**YOUR ASSIGNMENT**.
Copy every entry below exactly, and keep out the pictures.

(Collected data entries)
=-=-=
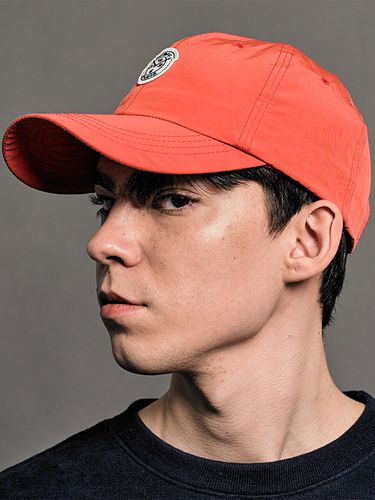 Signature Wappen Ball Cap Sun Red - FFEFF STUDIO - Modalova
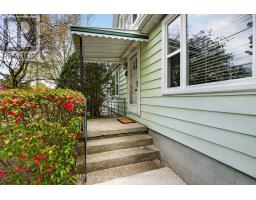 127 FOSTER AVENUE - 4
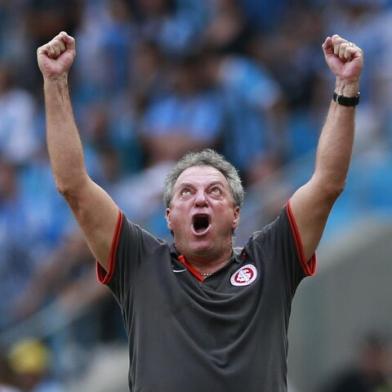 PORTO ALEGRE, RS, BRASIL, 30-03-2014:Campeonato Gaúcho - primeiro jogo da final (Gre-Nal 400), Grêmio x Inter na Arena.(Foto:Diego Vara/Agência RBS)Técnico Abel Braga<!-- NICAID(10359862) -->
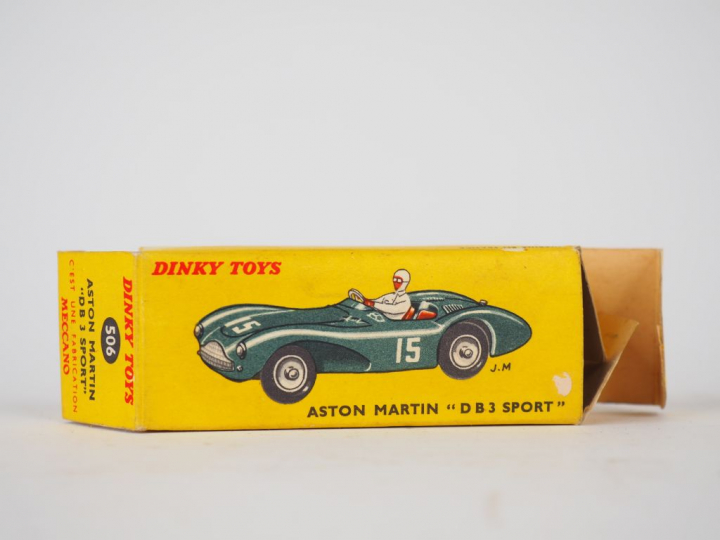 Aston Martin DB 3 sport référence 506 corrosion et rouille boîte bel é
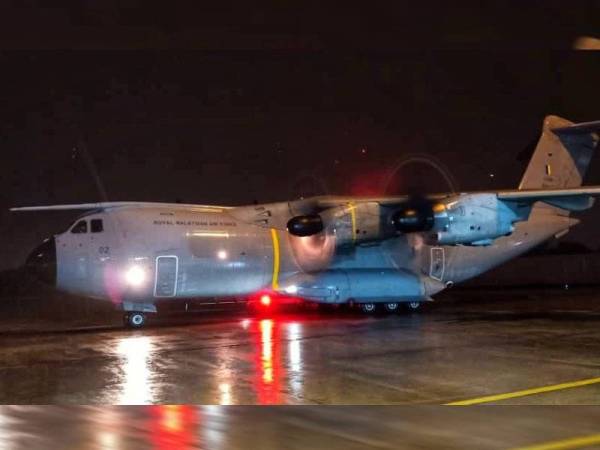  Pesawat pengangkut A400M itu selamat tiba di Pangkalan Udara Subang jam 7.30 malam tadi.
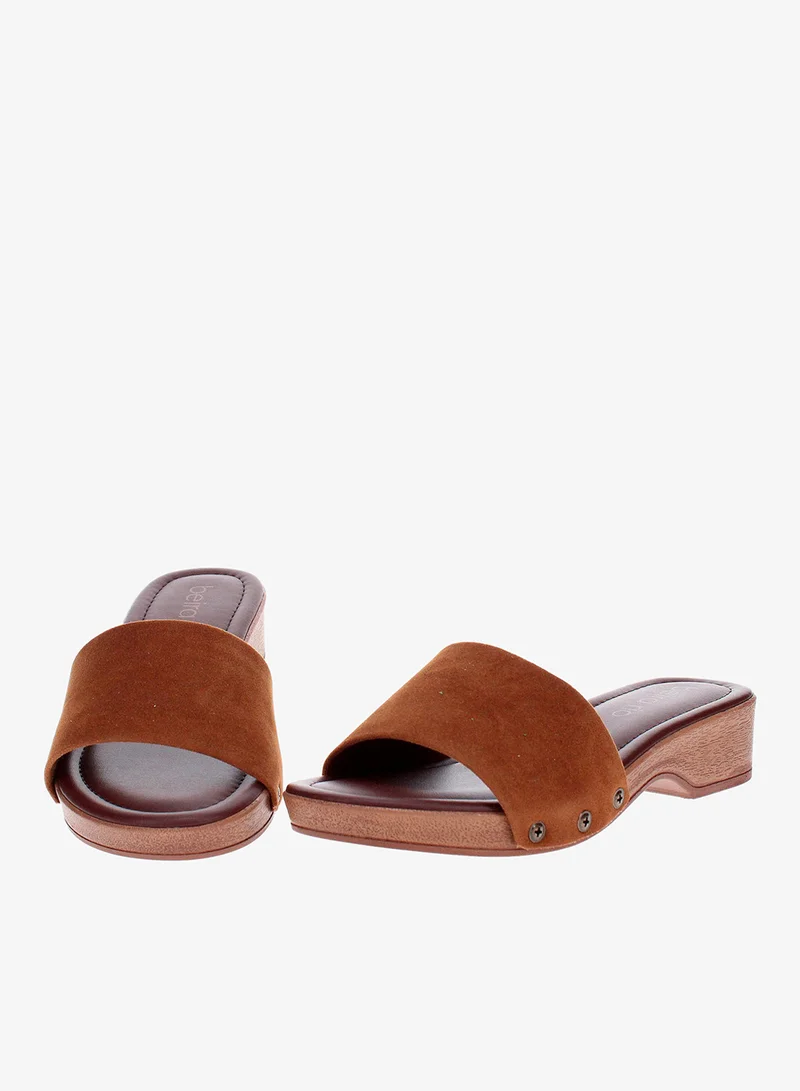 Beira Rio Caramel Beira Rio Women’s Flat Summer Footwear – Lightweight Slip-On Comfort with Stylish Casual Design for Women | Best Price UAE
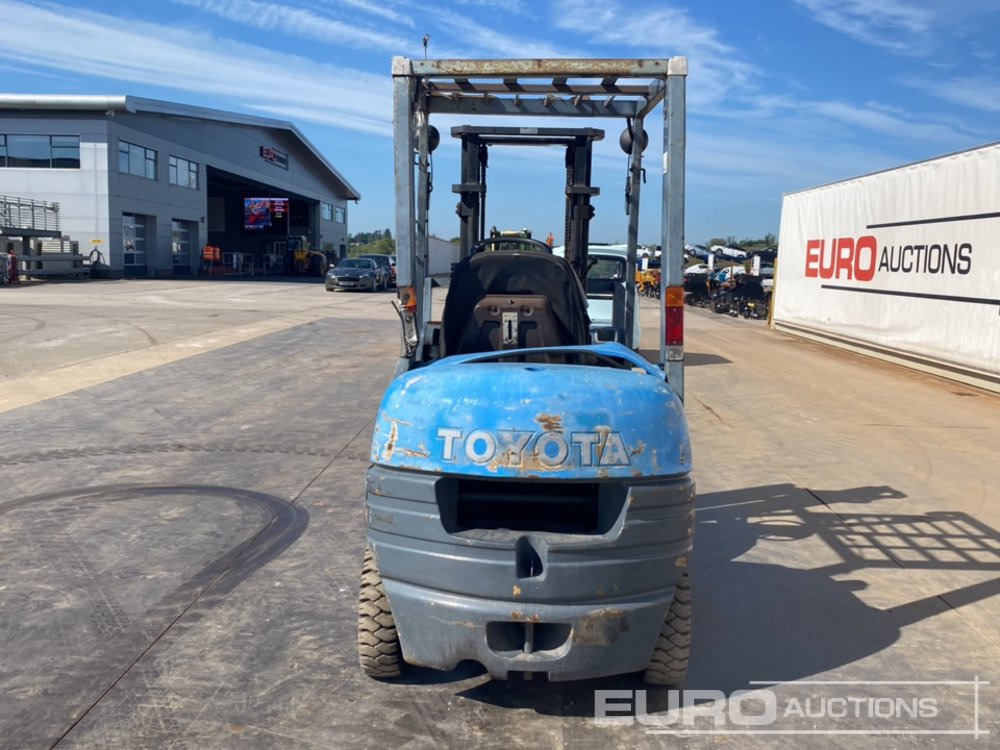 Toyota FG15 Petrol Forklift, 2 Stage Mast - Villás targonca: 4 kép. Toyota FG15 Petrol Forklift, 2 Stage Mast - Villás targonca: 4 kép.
=-=-=
**ANSWER SECTION**.
 Signature Wappen Ball Cap Sun Red - FFEFF STUDIO - Modalova
 127 FOSTER AVENUE - 4
 PORTO ALEGRE, RS, BRASIL, 30-03-2014:Campeonato Gaúcho - primeiro jogo da final (Gre-Nal 400), Grêmio x Inter na Arena.(Foto:Diego Vara/Agência RBS)Técnico Abel Braga<!-- NICAID(10359862) -->
 Aston Martin DB 3 sport référence 506 corrosion et rouille boîte bel é
  Pesawat pengangkut A400M itu selamat tiba di Pangkalan Udara Subang jam 7.30 malam tadi.
 Beira Rio Caramel Beira Rio Women’s Flat Summer Footwear – Lightweight Slip-On Comfort with Stylish Casual Design for Women | Best Price UAE
 Toyota FG15 Petrol Forklift, 2 Stage Mast - Villás targonca: 4 kép. Toyota FG15 Petrol Forklift, 2 Stage Mast - Villás targonca: 4 kép.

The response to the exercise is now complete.